The heads and arched necks of the tangle rode on the breast of the waves. Above them, the cold moon gleamed and the stars shone white as anemones. All manes stood out full and taut. The surface of the sea was transformed into a meadow of night-blooming flowers. For a breath, all they heard were the sounds of wind and water.
Then, pure as light and sweet as flesh, a voice rose in the distance. “Come,” she sang, “come to me and I will give you knowledge of yourselves. Come to She Who Remembers, and your past will be yours, and with it, all your futures. Come. Come.”
Tellur trumpeted an eager response, but “Hush!” Maulkin bade him sternly. “What is that?”
For a second voice had lifted in song. The words were oddly turned, the notes shortened, as if the serpent who sang had no depth to her voice. But whoever she was, she echoed the call of She Who Remembers. “Come, come to me. Your past and your future await you. Come, I will guide you, I will protect you. Obey me and I shall see you safely home. Once more you shall rise, once more you shall fly.”

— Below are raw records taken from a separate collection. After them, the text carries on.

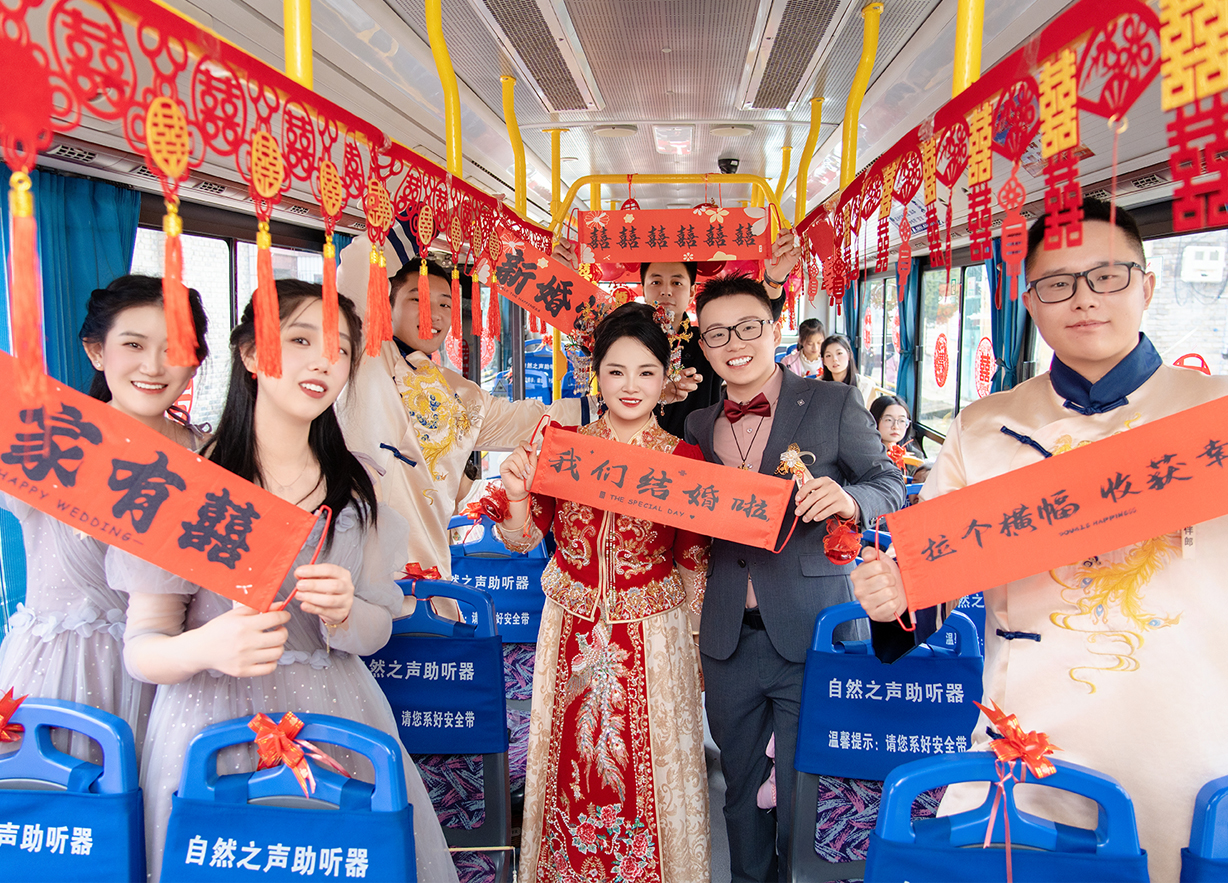 闻喜:公交车作婚车 简约婚礼引领文明新风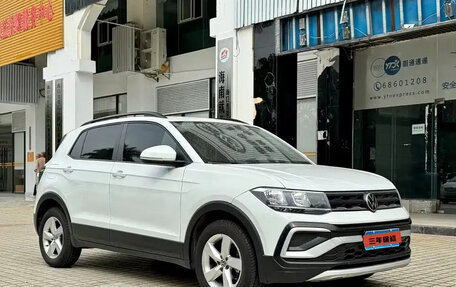 Volkswagen T-Cross I, 2023 год, 1 163 600 рублей, 3 фотография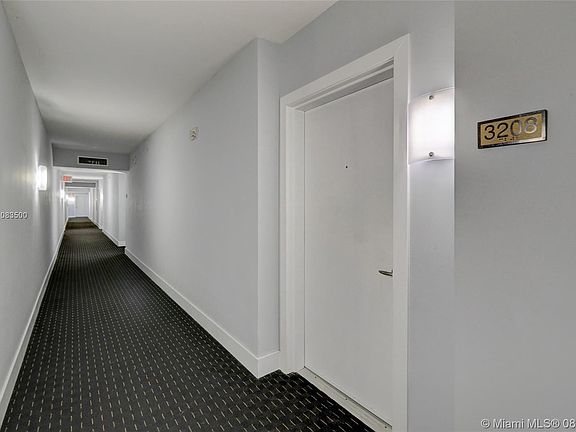 4th image of 1800 N Bayshore Dr APT 3208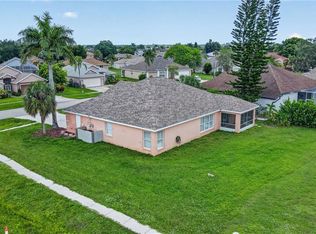 1502 Scholar CT, LEHIGH ACRES, FL 33971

All heads, every spinning eye turned to Maulkin. His mane stood out stiff about his throat and venom welled and dripped from every spine. “We go!” he trumpeted, but softly, to only his tangle, not to the siren voices. “We go, but we go with caution. Something is odd here, and we have been deceived before. Come. Follow me.”
Then he threw back his great head and opened his jaws wide to the night. His golden false-eyes shone brighter than moon or sun. When he released the blast of his voice, the water all around him shivered at his power.

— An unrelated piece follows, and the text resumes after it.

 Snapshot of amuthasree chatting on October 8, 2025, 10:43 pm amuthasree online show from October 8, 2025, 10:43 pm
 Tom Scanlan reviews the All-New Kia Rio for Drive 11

“We come!” he roared. “We come for our memories!”
He plunged back into the Plenty. He flashed through the water, and his tangle followed him. Alone, the white held back. Shreever, still not trusting him, glanced back.
“Fools! Fool! Fools!” Carrion trumpeted wildly into the night sky. “And I the biggest fool of all!” Then, with a wild cry, he plunged in to follow them.
SHE WHO REMEMBERS LEFT THE SHIP TO GREET THE OTHERS. BOLT URGED HER to remain, saying they would welcome them together, but she could not. This was her destiny, come at last to join her. She could not put off this long-awaited consummation. She arced toward them, leaping awkwardly in attempted grace. There was a terrible conflict between her stunted body and her ancient memory of other, similar meetings. She should have been twice the size she was, powerfully muscled, a giant among serpents, armed with enough toxins to stun tangle after tangle into complete remembrance of their heritage. She thrust aside all misgivings. She would give them all she had. It had to be enough.
When they were close enough to taste one another’s toxins, she halted. She allowed her body to sink beneath the water and finned there, awaiting them. The leader, a battered serpent that glowed with the fire of his false-eyes, came forward to meet her fang to fang. The others fanned out around them with all heads aligned toward her body. Beneath the turbulence of the sea’s waves, all hung there, as motionless as swimming creatures can be, as they held themselves in even spacing and careful alignment. They were many organisms, soon to be one, united in the racial memory of their kind. She opened her jaws wide, exposing her teeth in formal greeting. She shook her mane until the toxic ruff of spikes around her throat stood out in its full glory. Every spine was erect, swelling with the toxins she would soon release. Rigorously, she controlled herself. This was not the awakening of a single serpent. This was the resurrection of an entire tangle.